--- RECORDS TO PROCESS Enclosed Below ---

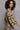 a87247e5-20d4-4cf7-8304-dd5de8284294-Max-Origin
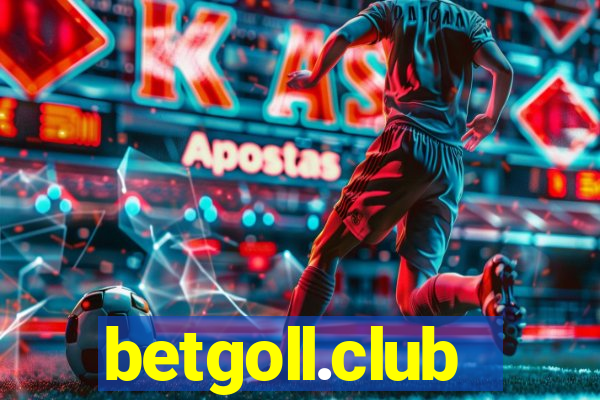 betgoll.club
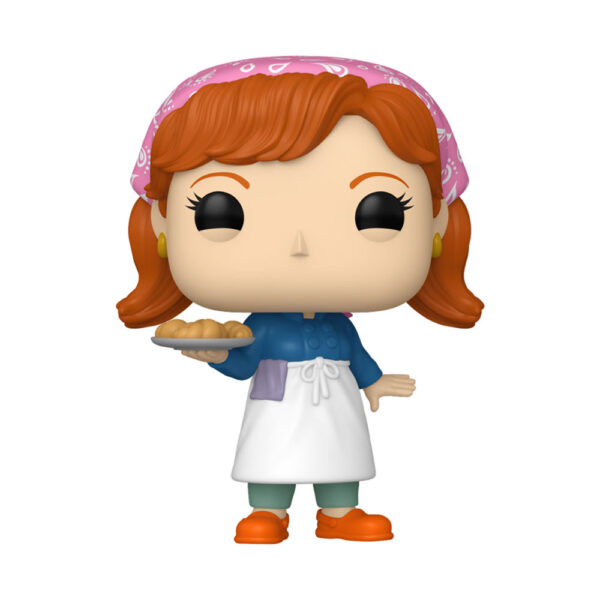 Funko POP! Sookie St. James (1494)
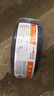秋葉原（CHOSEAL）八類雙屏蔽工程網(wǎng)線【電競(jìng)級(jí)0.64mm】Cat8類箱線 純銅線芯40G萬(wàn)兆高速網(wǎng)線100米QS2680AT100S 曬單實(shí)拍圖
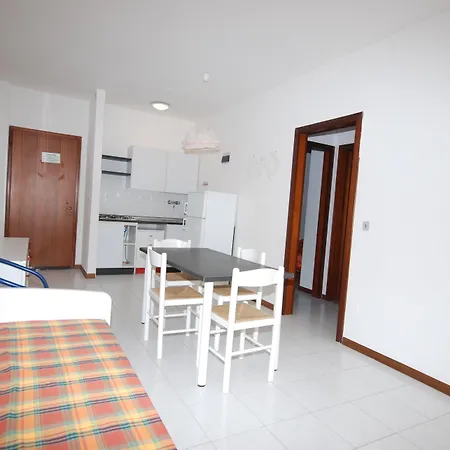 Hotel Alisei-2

--- End of Enclosed RECORDS TO PROCESS ---
--- RECORDS TO PROCESS Enclosed Below ---

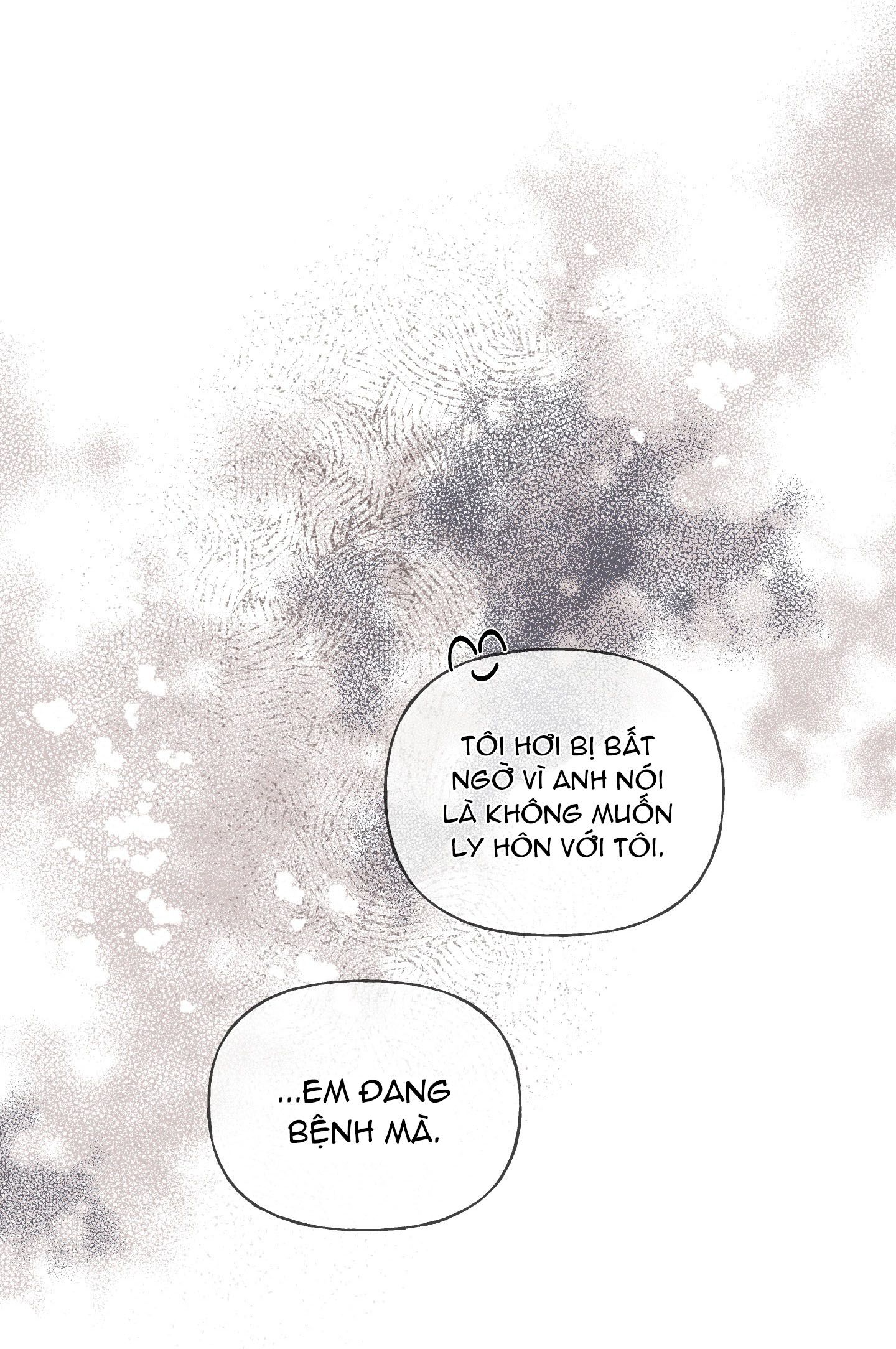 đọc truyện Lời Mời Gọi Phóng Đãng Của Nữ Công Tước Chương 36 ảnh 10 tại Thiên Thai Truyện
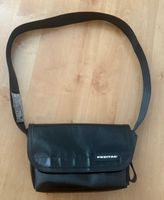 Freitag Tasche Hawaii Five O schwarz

--- End of Enclosed RECORDS TO PROCESS ---

# ASSIGNMENT
Although the records hold pictures, the copy must not; give again exactly the lines from the one with "đọc truyện Lời" through the one with "Freitag Tasche Hawaii Five O schwarz".

# TASK RESULT
 đọc truyện Lời Mời Gọi Phóng Đãng Của Nữ Công Tước Chương 36 ảnh 10 tại Thiên Thai Truyện
 Freitag Tasche Hawaii Five O schwarz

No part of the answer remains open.